Senator Gooch was instrumental in the formation of the International Black Aerospace Council, an umbrella organization of five major black aviation organizations. He has served on the Aviation Advisory Committee of the Kansas Department of Transportation, the Air Museum Task Force and the Wichita Airport Authority, and he is a member of the Kansas Aviation Museum Board...

Gooch logged 20,000 flight hours (over 18,000 as pilot-in-command).

==Political career==
Gooch served on the Kansas Commission on Civil Rights from 1971 to 1974, as an appointee of Democratic Governor Robert Docking. His tenure coincided with the sharply increased enforcement activism of the KCCR.

One of the few African Americans elected to the Wichita City Council, he served from 1989 to 1992, including two one-year terms as Vice Mayor.

Gooch was elected to the Kansas Senate in 1992 as a Democrat, serving from 1993 until 2004, representing the 29th Kansas Senate District—an inner-city area in central-northeast Wichita.

The 2013 Kansas Senate Resolution honoring him reported that:

His committee assignments have included service as ranking minority member of the Federal and State Affairs and Transportation Committees plus membership on the Elections and Local Government, Administrative Rules and Regulations, Local Government, Commerce, Economic Development and Governmental Organization Committees. He also served on the Joint Committee on Rules and Regulations and the Joint Committee on Economic Development...
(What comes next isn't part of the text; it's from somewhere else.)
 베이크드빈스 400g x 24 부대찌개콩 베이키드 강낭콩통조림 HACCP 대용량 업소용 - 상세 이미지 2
In 2003, citing frustrations with the lack of progress in the shortest Kansas legislative session in decades, Gooch retired from the Kansas Senate, a few months from turning 80 years of age, as the oldest serving Kansas senator. He was succeeded by State Representative Donald Betts (D-Wichita).

Gooch successfully urged his daughter Bonita Gooch to assume leadership of Wichita's leading black newspaper, The Community Voice, which she subsequently operated for decades.

Gooch's grandson, Kerry Gooch, served as Executive Director of the Kansas Democratic Party from 2015 to 2017.

==Retirement and death==
In 2006, with journalist Glen Sharp (New York Times, Newsweek), Gooch self-published his autobiography: Black Horizons: One Aviator's Experience in the Post-Tuskeegee Era,

In 2008, Gooch was the subject of a documentary film, From the Bottom.

In 2009, the Federal Aviation Administration presented Gooch with the Wright Brothers Master Pilot Award. for a half-century or more of piloting and aircraft operations.

In 2012, he was presented with the 2012 Trailblazers Award from the Kansas African American Museum in
Wichita.

In 2013, as he approached age 90, the Kansas Senate issued Senate Resolution No.1770: A Resolution congratulating and commending Senator Ulysses Lee "Rip" Gooch, and Gooch, with friends and supporters, organized a 90th birthday party for him that drew hundreds to a local theater.

In May, 2014, he was elected Sergeant at Arms of the Jayhawk Chapter (Kansas) of the Black Pilots Association.

Gooch died on November 24, 2021, at the age of 98.

In May 2023, the Kansas Aviation Museum, of which Gooch had been a board member, posthumously established the Rip Gooch Black Aviators Exhibit, showcasing Kansas-connected black aviators, including Gooch and Tuskeegee Airmen George Boyd and Dr. Don Jackson, among others.